Then there's the issue of Scoop Jackson, a great 20th century Democrat, but someone who had on his staff a man who has been wrong at every leading turn on Iraq. His name is Richard Perle.

But as for John F. Kennedy, he hated war. He stood down the Soviets without firing a shot. But then J.F.K. actually fought in war. He wasn't a chickenhawk.

It's easy to think what Mr. Lieberman would do if Cuba had missiles today. There's no doubt about it. Lieberman is a man who touts attacking Iran. There is no way J.F.K. would back such a boneheaded move.

Let's also remember that it was Joe Lieberman who stood up to proudly castigate Bill Clinton for his consensual affair during impeachment. What would Mr. Lieberman have done if he'd known about John F. Kennedy's numerous randy rendezvous that occurred regularly in the White House? It wasn't exactly a secret to the Washington crowd back then. Can we doubt he would have walked away from the president he now uses to prop up his own image, while misusing the man's real core, especially when it came to war? Let's also remember that J.F.K. would never have ever considered voting Republican, not ever. But the best evidence against Mr. Lieberman's boastful ignorance about being a "John F. Kennedy Demcorat" is in the realism of J.F.K.'s thinking, something Bring 'em on Joe couldn't possibly understand.
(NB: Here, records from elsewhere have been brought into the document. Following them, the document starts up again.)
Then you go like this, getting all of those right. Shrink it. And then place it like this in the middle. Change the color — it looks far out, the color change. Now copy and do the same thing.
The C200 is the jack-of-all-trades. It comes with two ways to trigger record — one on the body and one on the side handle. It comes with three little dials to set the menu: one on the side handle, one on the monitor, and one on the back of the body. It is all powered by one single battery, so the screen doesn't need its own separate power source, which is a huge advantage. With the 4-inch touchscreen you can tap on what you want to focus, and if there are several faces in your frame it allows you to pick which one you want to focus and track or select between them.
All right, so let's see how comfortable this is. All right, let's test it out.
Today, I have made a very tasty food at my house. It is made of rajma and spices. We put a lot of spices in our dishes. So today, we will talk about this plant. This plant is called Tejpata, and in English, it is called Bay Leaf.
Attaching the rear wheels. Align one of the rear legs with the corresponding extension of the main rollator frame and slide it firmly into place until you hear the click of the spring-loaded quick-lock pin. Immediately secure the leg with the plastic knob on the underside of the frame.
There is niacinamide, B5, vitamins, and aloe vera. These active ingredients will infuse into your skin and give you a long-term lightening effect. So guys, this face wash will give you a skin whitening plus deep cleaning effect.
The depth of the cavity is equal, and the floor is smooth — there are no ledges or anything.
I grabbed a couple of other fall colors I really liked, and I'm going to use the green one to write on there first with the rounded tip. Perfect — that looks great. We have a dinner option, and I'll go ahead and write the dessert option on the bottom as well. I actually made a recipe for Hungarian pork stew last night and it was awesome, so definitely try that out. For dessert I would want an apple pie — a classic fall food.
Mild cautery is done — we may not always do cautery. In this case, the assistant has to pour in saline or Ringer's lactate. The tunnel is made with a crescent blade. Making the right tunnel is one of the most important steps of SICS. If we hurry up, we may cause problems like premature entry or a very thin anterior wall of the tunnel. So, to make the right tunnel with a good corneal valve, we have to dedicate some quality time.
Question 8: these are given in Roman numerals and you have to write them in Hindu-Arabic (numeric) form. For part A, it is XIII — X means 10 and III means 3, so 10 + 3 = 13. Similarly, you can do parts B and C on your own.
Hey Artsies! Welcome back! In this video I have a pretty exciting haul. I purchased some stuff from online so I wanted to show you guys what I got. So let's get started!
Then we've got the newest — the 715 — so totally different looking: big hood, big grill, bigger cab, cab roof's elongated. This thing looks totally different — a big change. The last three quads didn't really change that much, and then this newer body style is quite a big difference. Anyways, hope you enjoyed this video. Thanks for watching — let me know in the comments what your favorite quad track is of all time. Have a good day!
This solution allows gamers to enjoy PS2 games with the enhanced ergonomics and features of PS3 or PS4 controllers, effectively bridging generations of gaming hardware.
On Meet the Press in February 1954, Kennedy was asked if he was suggesting that the United States replace France in Indochina. No, he answered, because without commitments to independence for these French colonies, the United States would be facing a hopeless task. Since he was on record as saying that to lose Indochina was to lose all of Asia, didn't he believe it essential for the United States to fight? No, he said, because he saw no prospect of victory," and therefore it would be a mistake for us to go in." .. ... But U.S. military involvement without this promise would be doomed to failure. "No amount of American military assistance in Indochina," he told the Senate, "can conquer an enemy which is everywhere and at the same time nowhere, 'an enemy of the people' which has the sympathy and covert support of the people." The only path to victory was through the creation of a "native army" that expected sacrifices in blood and treasure to bring self-determination." ... .. Kennedy was now more emphatic than ever that U.S. military involvement would be a mistake.

An Unfinished Life, by Robert Dallek (pgs. 188-189)

If that's not enough for Bring 'em Joe, there's plenty more.

Neither foreign aid nor a greater military arsenal not "new pacts or doctrines or high-level conferences" could substitute for an effective response to anticolonialism. ... .. Kennedy described "two central weaknesses in our current foreign policy: first, a failure to appreciate how the forces of nationalism are rewriting the geopolitical map of the world ... and second, a lack of decision and conviction in our leadership ... which seeks too often to substitute slogans for solutions. ... .. He urged policy makers to replace "apocalyptic solutions" with something he called "a new realism," which was to substitute economic aid for military exports and to work against "the prolongation of Western colonialism. ... .. Early in 1958, he told economist John Kenneth Galbraith that "the Democratic party has tended to magnify the military challenge to the point where equally legitimate economic and political programs have been obscured. ... "

An Unfinished Life, by Robert Dallek (pg. 222-223)

Today is the fourth commemoration of "bring 'em on." It's fitting that just yesterday Mr. Lieberman used the opportunity to cement his alignment with a president that John F. Kennedy would have deplored. There was nothing "bring 'em on" about J.F.K.

So while Mr. Lieberman continues to use John F. Kennedy, proclaiming he's Jack's kind of Democrat, it's good to visit actual reality. Something from which Bring 'em on Joe has clearly disassociated himself.